Released 17th February via Caldo Verde Records

7/10

Sun Kil Moon is the project of critically acclaimed musician and your sad uncle who ruined Christmas dinner, Mark Kozelek. Now three albums deep into his inimitable style of an entire human consciousness set to music, Kozelek’s highjacking of what exactly constitutes a ‘song’ has reached its climax with such lowly notions as melody and song structure being taken as hostage. In Common As Light And Love Are Red Valleys Of Blood Koz lays out his demands: the listener’s time, social media accounts and in my case sanity.

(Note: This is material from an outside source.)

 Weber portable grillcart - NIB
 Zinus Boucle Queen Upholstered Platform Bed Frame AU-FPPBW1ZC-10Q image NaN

That’s not to say this is a bad album, it’s just asking an incredible amount from its audience.

Each track is a lengthy unfiltered stream of consciousness which can meander from a meditation on mortality to a Manny Pacquiaou fight Kozelek lost a bet on — and by lengthy I mean lengthy, as in the album is over two hours long. When you sit through a man essentially reading out his diary for two hours, the words ‘self indulgent’ eventually lose all meaning. But as easy as it is to knock this album there’s also something uniquely enticing about it.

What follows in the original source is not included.